### ACTIVITY
The records below hold pictures; please leave those out and retype the rest exactly.

(Stored data entries)
........

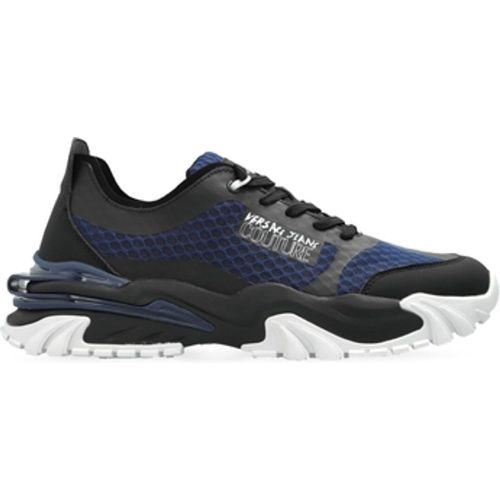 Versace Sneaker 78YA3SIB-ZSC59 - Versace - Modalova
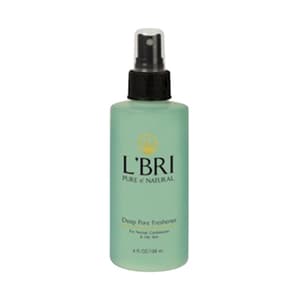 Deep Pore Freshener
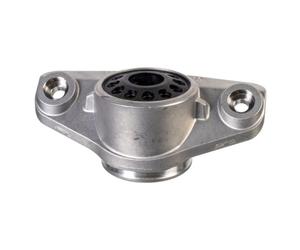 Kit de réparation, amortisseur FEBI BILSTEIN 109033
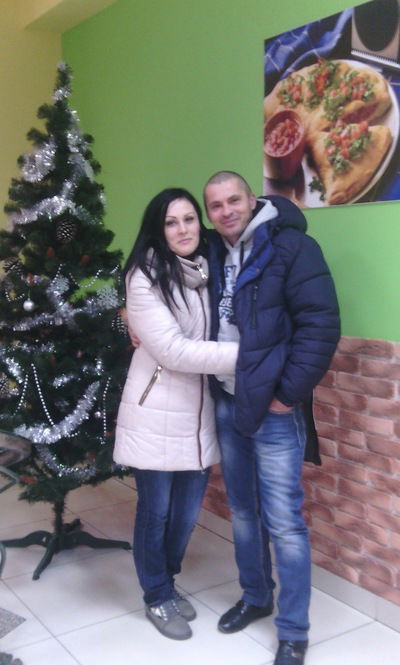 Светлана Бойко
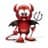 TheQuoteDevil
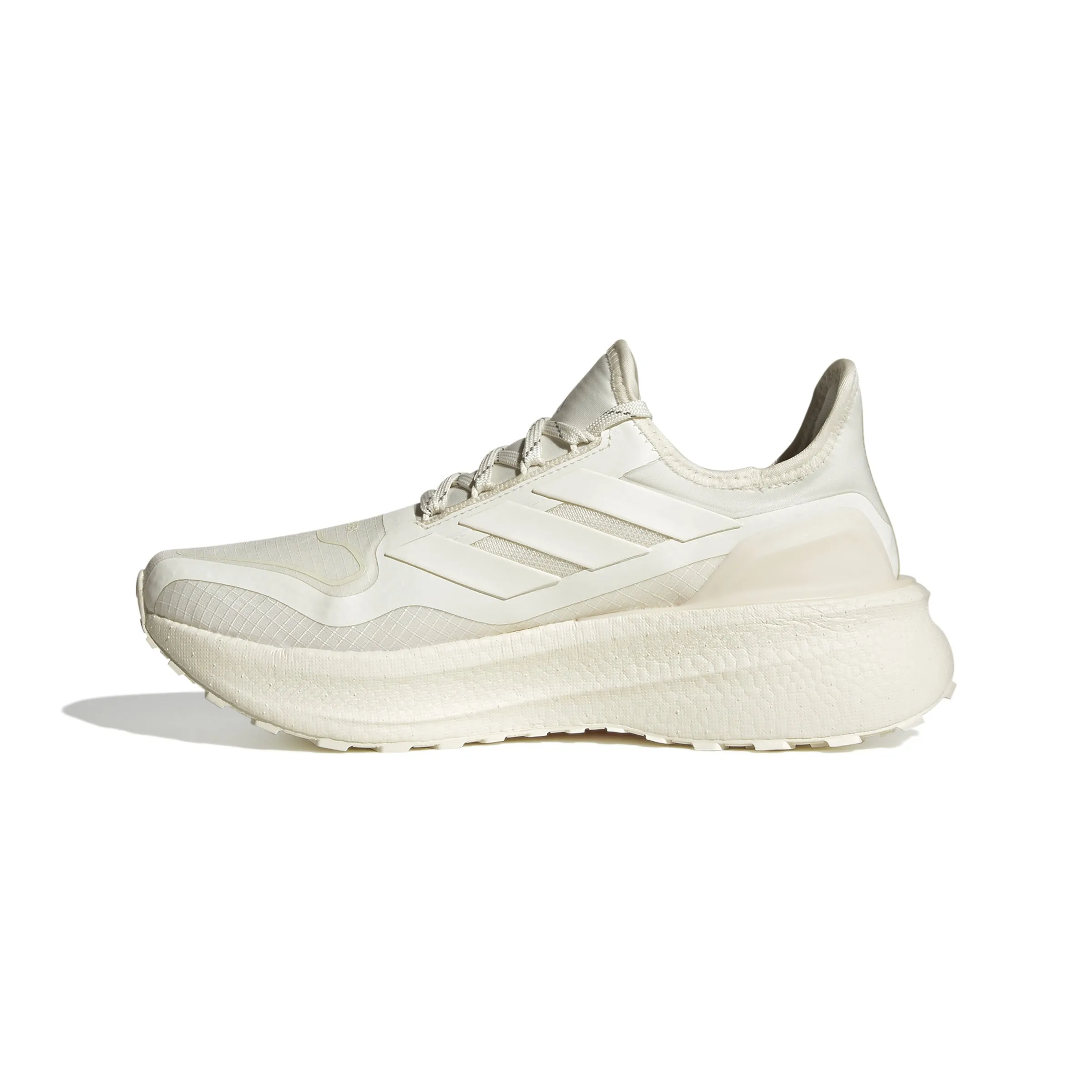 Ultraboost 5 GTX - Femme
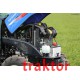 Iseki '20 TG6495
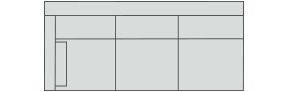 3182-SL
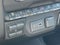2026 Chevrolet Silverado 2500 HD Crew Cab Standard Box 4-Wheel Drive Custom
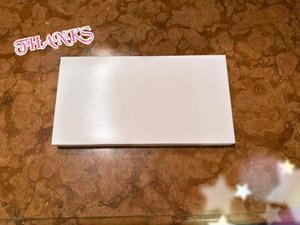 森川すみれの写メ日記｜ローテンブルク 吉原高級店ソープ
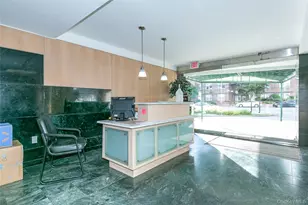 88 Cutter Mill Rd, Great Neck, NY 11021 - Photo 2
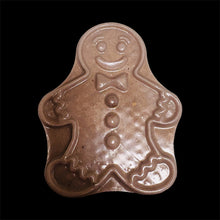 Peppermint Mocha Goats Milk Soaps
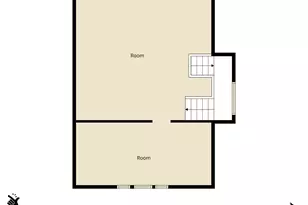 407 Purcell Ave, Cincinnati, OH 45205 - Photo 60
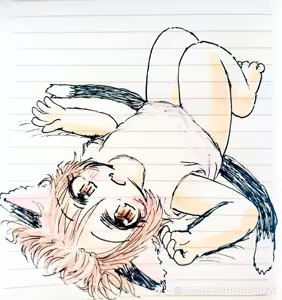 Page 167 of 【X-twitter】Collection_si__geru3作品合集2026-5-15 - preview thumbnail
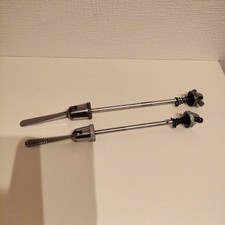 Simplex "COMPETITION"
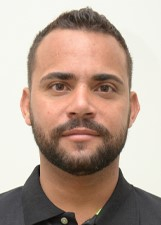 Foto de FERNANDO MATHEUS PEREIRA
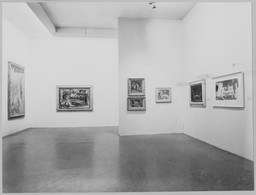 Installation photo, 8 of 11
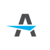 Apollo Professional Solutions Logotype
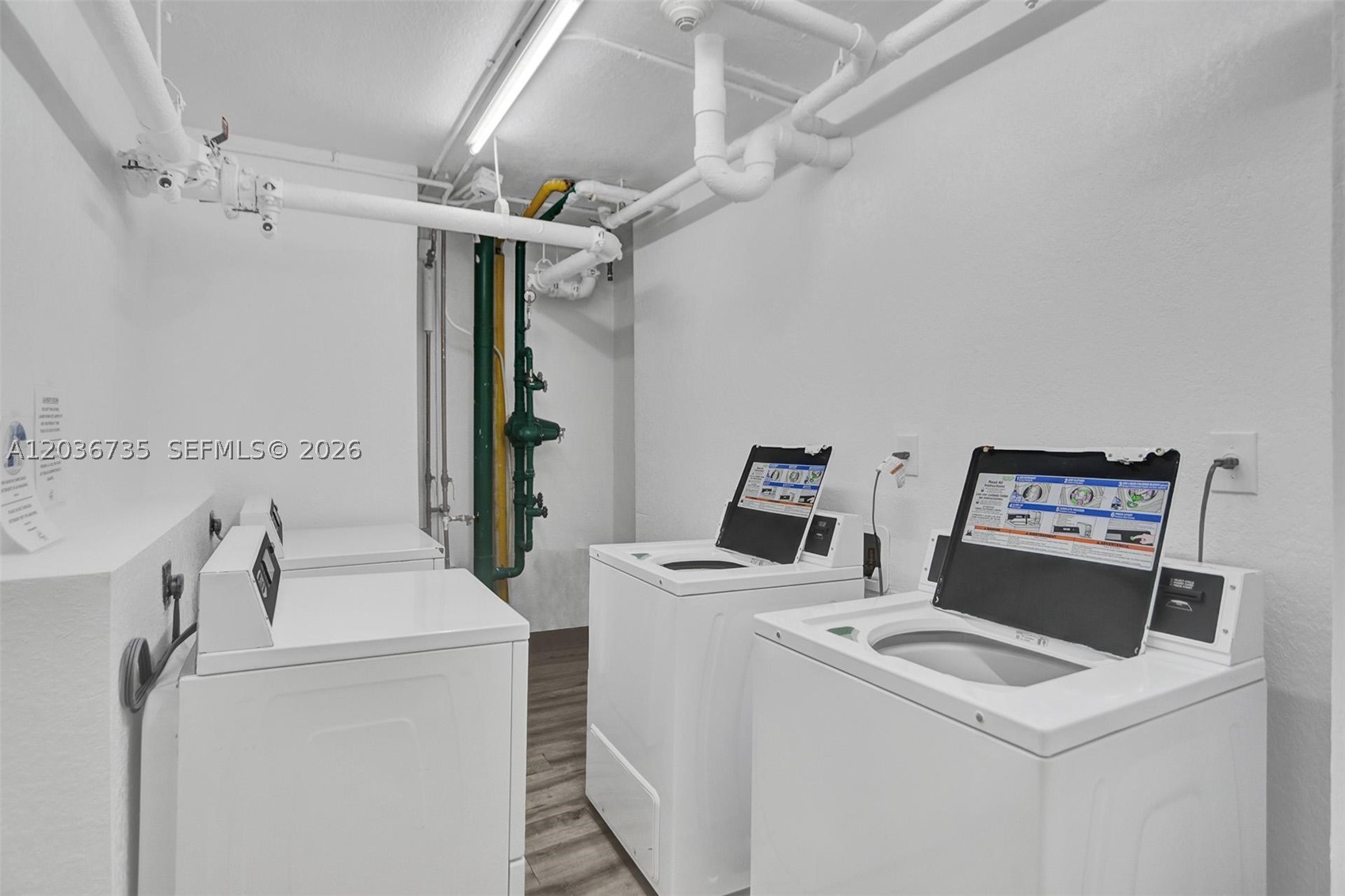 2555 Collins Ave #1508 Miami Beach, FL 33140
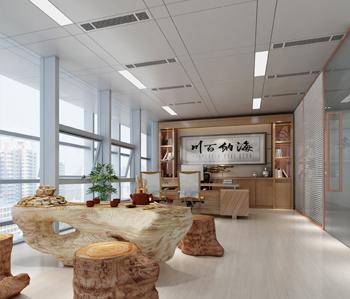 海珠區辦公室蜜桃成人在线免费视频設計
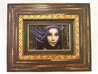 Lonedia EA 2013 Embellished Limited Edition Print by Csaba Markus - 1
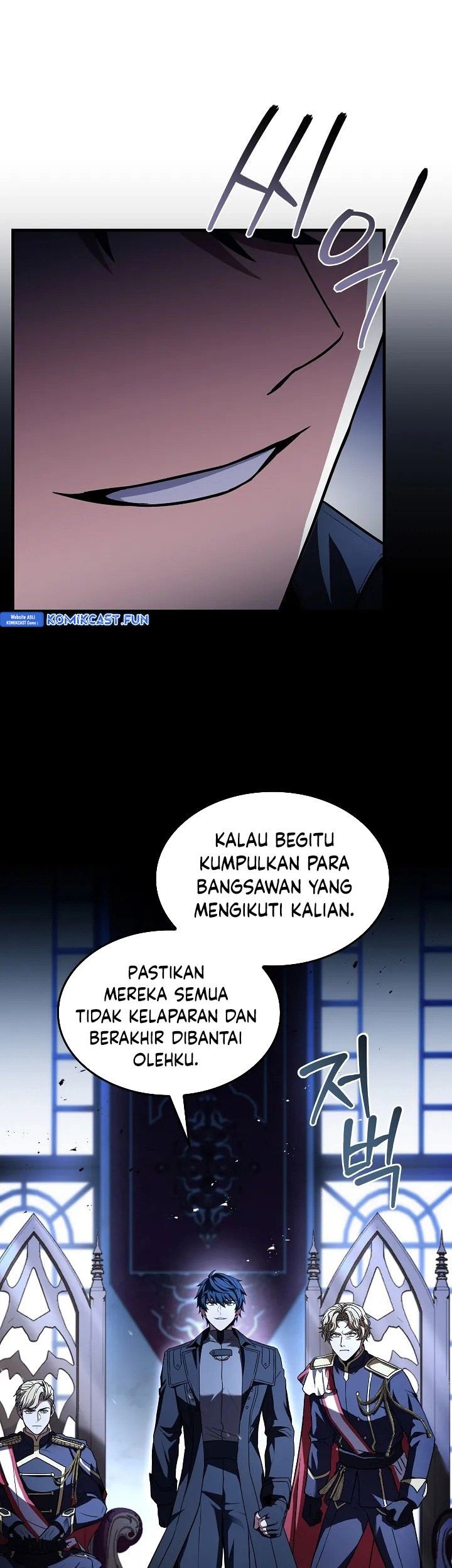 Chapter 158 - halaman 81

........

### WRITTEN RESPONSE
 Versace Sneaker 78YA3SIB-ZSC59 - Versace - Modalova
 Deep Pore Freshener
 Kit de réparation, amortisseur FEBI BILSTEIN 109033
 Светлана Бойко
 TheQuoteDevil
 Ultraboost 5 GTX - Femme
 Iseki '20 TG6495
 3182-SL
2026 Chevrolet Silverado 2500 HD Crew Cab Standard Box 4-Wheel Drive Custom
 森川すみれの写メ日記｜ローテンブルク 吉原高級店ソープ
 88 Cutter Mill Rd, Great Neck, NY 11021 - Photo 2
 Peppermint Mocha Goats Milk Soaps
 407 Purcell Ave, Cincinnati, OH 45205 - Photo 60
 Page 167 of 【X-twitter】Collection_si__geru3作品合集2026-5-15 - preview thumbnail
 Simplex "COMPETITION"
 Foto de FERNANDO MATHEUS PEREIRA
 Installation photo, 8 of 11
 Apollo Professional Solutions Logotype
 2555 Collins Ave #1508 Miami Beach, FL 33140
 海珠區辦公室蜜桃成人在线免费视频設計
 Lonedia EA 2013 Embellished Limited Edition Print by Csaba Markus - 1
 Chapter 158 - halaman 81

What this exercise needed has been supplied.